Князь умер в 1831 году, имея чин сенатора и действительного статского советника, будучи членом Государственного совета, бывшим главноуправляющим императорских театров, Эрмитажа, Кремлевской экспедиции и Оружейной палаты, директором дворцовых стекольных, фарфоровых и шпалерных заводов. Припомнили, что он восстанавливал после французского нашествия памятники Кремля, в частности Оружейную палату, где в 1814 году он же открыл общедоступный музей. Завершая жизненный путь, Николай Борисович выразил желание покоиться рядом с отцом в родовой вотчине, намекая на «именьице в селе Котове, которое в 20 верстах от Первопрестольной, по Рогачевке, немного в сторону». Там его и похоронили.
Другой знаменитый гость Архангельского в своих литературных воспоминаниях отдал дань восхищения усадьбе, отметив ее художественное совершенство. «Гордый аристократ, – писал Герцен, – собрал растения со всех частей света и заставил их утешать себя на севере; собрал изящнейшие произведения живописи и ваянияи поставил их рядом с природою, как вопрос: кто из них лучше? Но тут уже самая природа не соперничает с ними, изменилась, расчистилась в арену для духа человеческого, который, как прежние германские императоры, признает только те власти неприкосновенными, которые уничтожены им, а затем им же восстановлены, как вассалы».

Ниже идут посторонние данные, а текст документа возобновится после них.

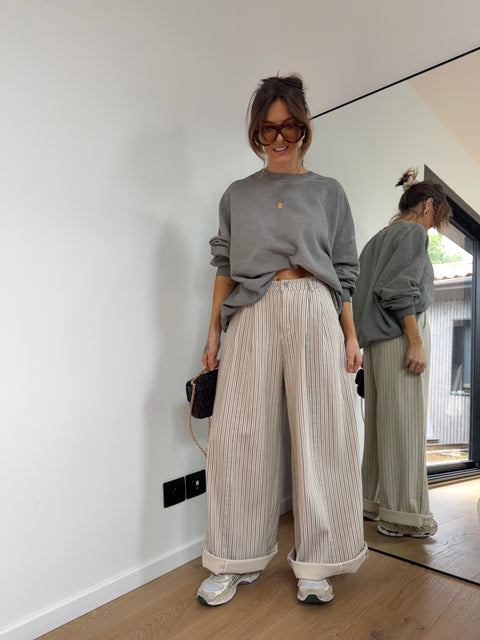 Pantalon rayé - beige et gris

Воспоминания Александра Герцена считаются лучшими из всего, что было написано об Архангельском. Одно время, еще не впитав в себя народовольческих идей, он служил под началом Бориса Николаевича в Кремле и, видимо, имел с ним хорошие отношения. Летом 1833 года молодой князь пригласил его в усадьбу, куда Герцен приехал с друзьями по университету. Впечатления о той поездке позже вошли в «Записки одного молодого человека», где упоминаются две круглые беседки-миловиды, стоявшие у спуска к реке. Свое название они получили за то, что открывали в самом деле милые картины заречных далей: «Мы опять вышли в сад и отправились на гору, в беседку, у ног которой Москва-река. Река тихо струилась узенькой ленточкой, довольная своим аристократическим именем; поля, леса, синяя даль – природа именно этой далью, этой безграничностью приводит в восторг». Ни одна из тех беседок, к сожалению, не сохранилась, уцелел только арочный мостик, ведущий к одной из них.
Герцен единственный из своих современников нарисовал словами цельную картину усадьбы середины XIX века, причем очень живую и образную. Главным персонажем этой литературной композиции писатель сделал себя, причем сомнений, прилично ли петь дифирамбы крепостнику или нет, обличитель русского рабства не испытывал. «Глаза разбежались, – отмечал Герцен, – изящные образы окружали со всех сторон. Уныние сменялось смехом, Святое семейство – нидерландской таверной, Дева радости – видом моря. Пышный Гвидо Рени роскошно бросает краски, и формы, и украшения, чтобы прикрыть подчас бедность мысли, и суровые Ван Дейка портреты, глубоко оживленные внутренним огнем, с заклейменной думой на челе, и дивная группа Амур и Психея Кановы, – все это вместе оставило нам воспоминанье смутное, в котором едва вырисовываются отдельные картины, оставшиеся Бог знает почему, тоже в памяти. Помнился, например, портрет молодого князя, верхом, в татарском платье, помнился портрет дочери м-м Лебрен. Она стыдливо закрывает полуребячью грудь и смотрит тем розовым взглядом девушки, которой уже не много до поцелуя, волнующего ее душу чистую, как капля росы на розовом листке, и огненную, как золотое аи. Не раз, быть может, старый князь останавливался перед ней, желая отодрать ее от полотна, восстановить растянутые в одну плоскость формы, согреть их, оживить и крепко прижать к своему татарскому сердцу».
Вместе с восхищением усадьбой Герцен, подобно Пушкину, прямо высказал свою симпатию к ее владельцу. Из уст революционера-народника, основателя общества «Земля и воля», испытавшего арест и 6-летнюю ссылку, это звучало несколько странно. Однако на сей раз общество не возмутилось. Писатель, нашедший ответ на вопрос, кто виноват (конечно же помещик), с легким сердцем наслаждался тем, что, согласно своему мировоззрению, должен был презирать. Более того, он пользовался комфортом и был за то благодарен помещику Юсупову, которого явно отделял от обобщенного образа русского аристократа: «Иностранцы дома, иностранцы в чужих краях, праздные зрители, испорченные для России западными предрассудками, а для Запада – русскими привычками. Они представляли какую-то умственную ненужность и терялись в искусственной жизни, в чувственных наслаждениях и нестерпимом эгоизме».